2 From the concluding paragraphs of E.B. White’s classic Charlotte’s Web (New York: HarperCollins, 1952).
It is a dangerous thing that God is undertaking, even in the warmth of the barn. And it is a dangerous thing we are undertaking too – to midwife this newborn king, to grasp for a child in the carnage of earthly birthing and cradle it in a world of Herods – to embrace this child, and all that this represents, with tender care, knowing that caring will make the sorrows hurt more, when they come. It is not safe to care as much as we try to care, in coming here, if by safety you mean putting trust in the perfect security of the barn – for the barn is porous to sadness. It is warm in here – and this warmth of community we share is what we have to give. But it is not safe in here in any of the ways the world teaches us to crave safety – except one.
The safety that is ours – the sanctuary that shelters this child and his refugee parents and us with them – is the certainty that our company in the battered and sometimes fearful barn of this world is the deepest form of joy available to people. That’s what he was born here to teach us. It is a joy wider than the world, so much wider than the mere “happiness” of the American dream or any other little terrestrial dream. It is a joy that requires nothing more than, nothing less than, each other. It is a joy that only needs the sanctuary of the barn, or of the pines, or of the moment, to be its home. It scarcely needs a word. It only needs company.
So again the occasion beckons, and we wind our way down the pilgrimage of the year toward the light coming from the sanctuary of the barn. In through the door, craving safety, hungry for hope, in we come, bringing all the precious little moments of our living. They cling to us like the burrs of a late autumn walk: all our best loves and all our sorrows for the ones we miss and all our risings to the cries for help around us. All our moments are seed for the granary, grist for living, seed we’ll scatter liberally upon the fertile ground when the season changes again. For now, the ground is frozen – but perhaps one day it will all sprout again, in the mystery of God’s ways in these things, and grow up and yield something that is better than we were before – bring to fruition something among us more hopeful, more decent, more loving than any of us can quite manage alone.
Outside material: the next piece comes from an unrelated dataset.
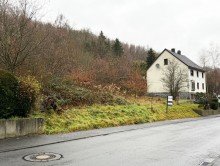 Grundst�ck Wohnen im Eigenheim! Ihr Einfamilienhaus in Niederdreisbach!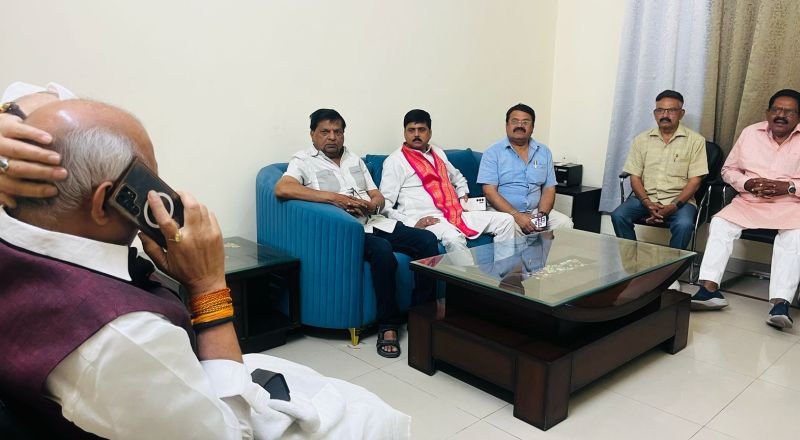 कैबिनेट मंत्री से मिले उत्तर प्रदेश उद्योग व्यापार प्रतिनिधि मंडल के पदाधिकारी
And for now, Jesus will choose to be born here, in the barn. He always does. And we gather close around the birth, for warmth. Always, always it is the best place to be, this place of earthy honesty and the hope of company which are our only safety and our best joy. Night and day, seed-time and harvest, the ever-turning seasons of our lives and our poor ramshackle earth… This is the place that he chooses as sanctuary – with its garrulous geese , its passing swallows, the sameness of sheep, the smell of manure, and – praise God, and God help us, too – the glory, somehow, of everything.